__DATA FOR THE TASK__
□ □ □ □ □
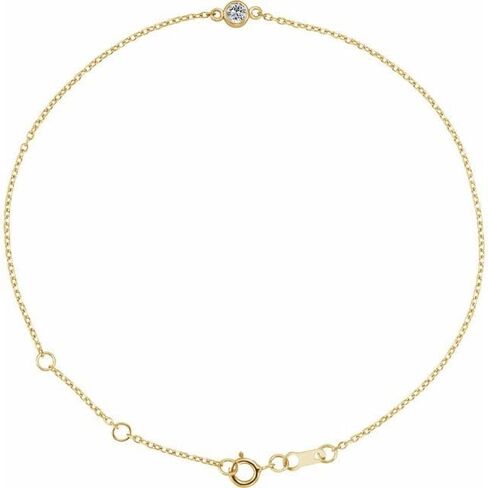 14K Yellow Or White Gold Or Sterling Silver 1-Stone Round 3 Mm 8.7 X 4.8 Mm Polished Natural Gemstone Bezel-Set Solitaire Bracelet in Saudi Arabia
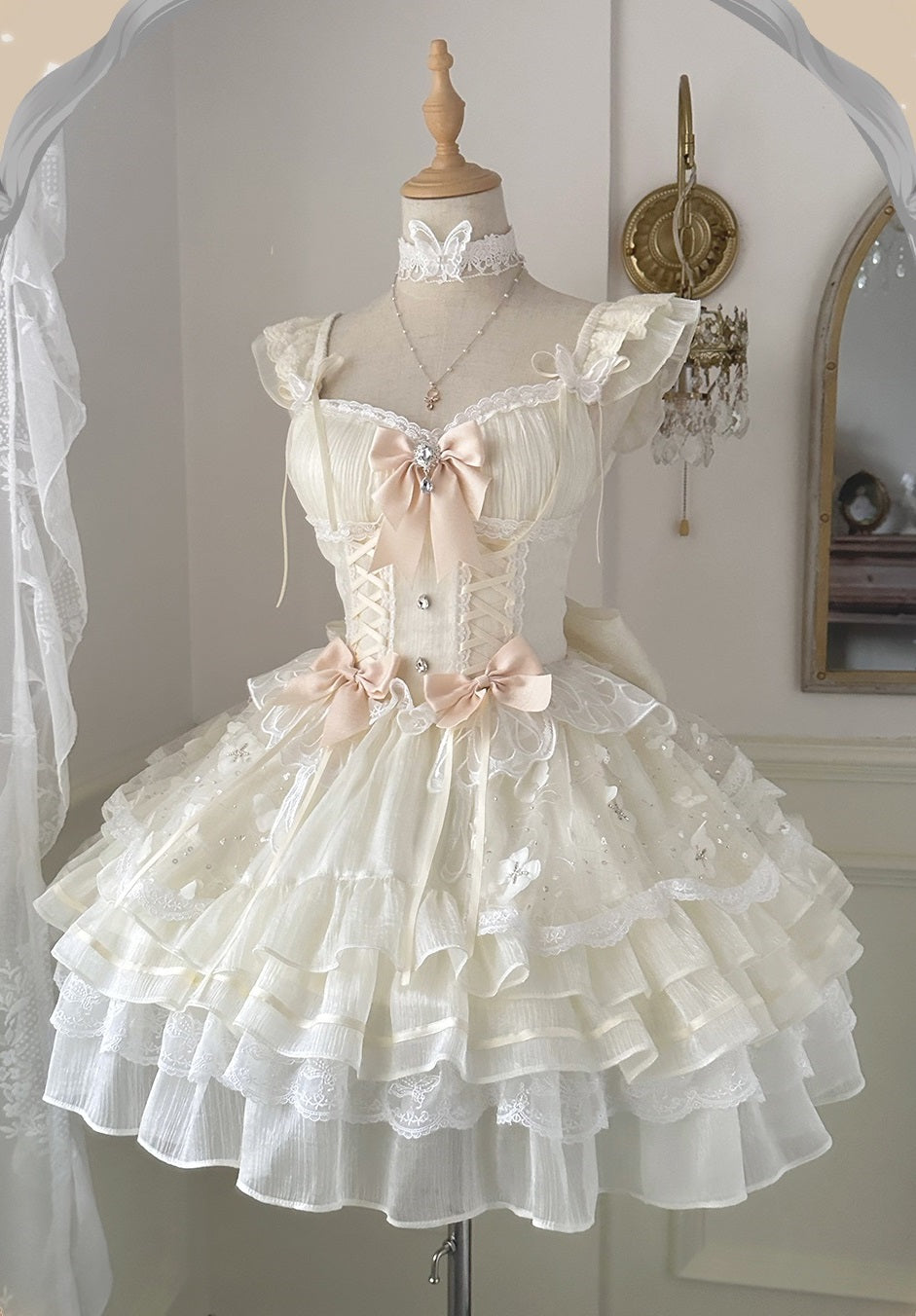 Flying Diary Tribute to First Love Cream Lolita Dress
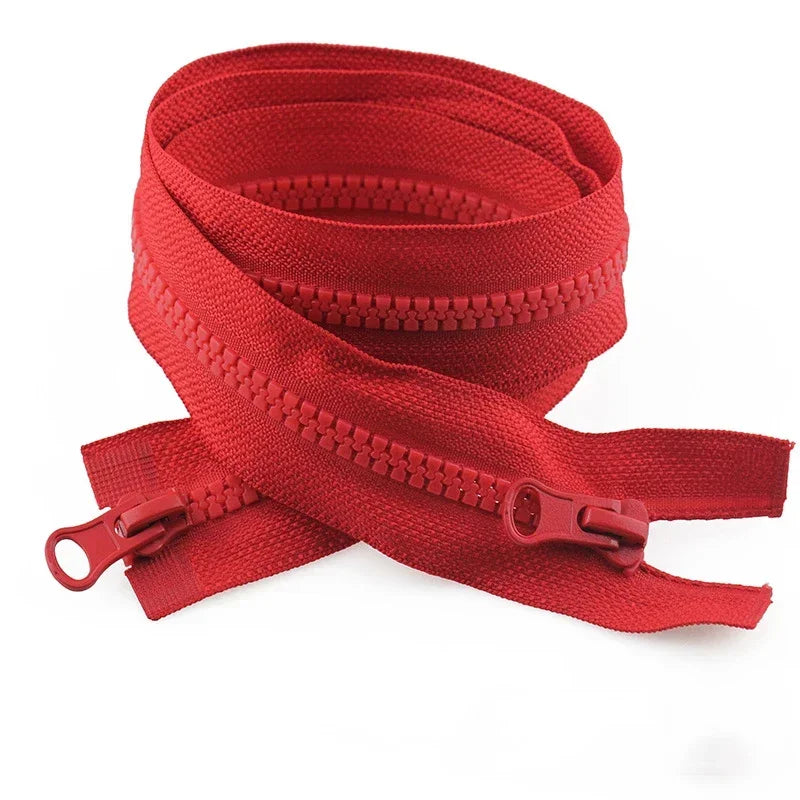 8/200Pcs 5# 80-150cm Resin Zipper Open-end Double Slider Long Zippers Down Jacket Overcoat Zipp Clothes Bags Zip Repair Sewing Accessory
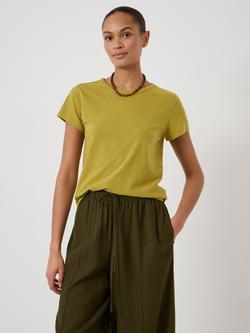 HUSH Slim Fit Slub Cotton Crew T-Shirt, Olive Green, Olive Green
□ □ □ □ □
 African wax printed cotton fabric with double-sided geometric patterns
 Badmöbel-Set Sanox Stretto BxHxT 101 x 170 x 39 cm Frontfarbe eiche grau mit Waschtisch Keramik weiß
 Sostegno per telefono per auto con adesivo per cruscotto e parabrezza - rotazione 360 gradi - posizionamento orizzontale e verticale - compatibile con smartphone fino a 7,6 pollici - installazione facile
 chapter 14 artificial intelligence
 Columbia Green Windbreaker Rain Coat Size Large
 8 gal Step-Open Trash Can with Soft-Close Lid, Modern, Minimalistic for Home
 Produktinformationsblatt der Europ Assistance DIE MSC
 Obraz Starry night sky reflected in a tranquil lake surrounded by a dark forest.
□ □ □ □ □
__DIRECTIONS__
Would you output, from the records above, exactly the run of lines that starts at the line containing "chapter 14 artificial intelligence" and ends at the line containing "Obraz Starry night", and only that run?

__ANSWER__
 chapter 14 artificial intelligence
 Columbia Green Windbreaker Rain Coat Size Large
 8 gal Step-Open Trash Can with Soft-Close Lid, Modern, Minimalistic for Home
 Produktinformationsblatt der Europ Assistance DIE MSC
 Obraz Starry night sky reflected in a tranquil lake surrounded by a dark forest.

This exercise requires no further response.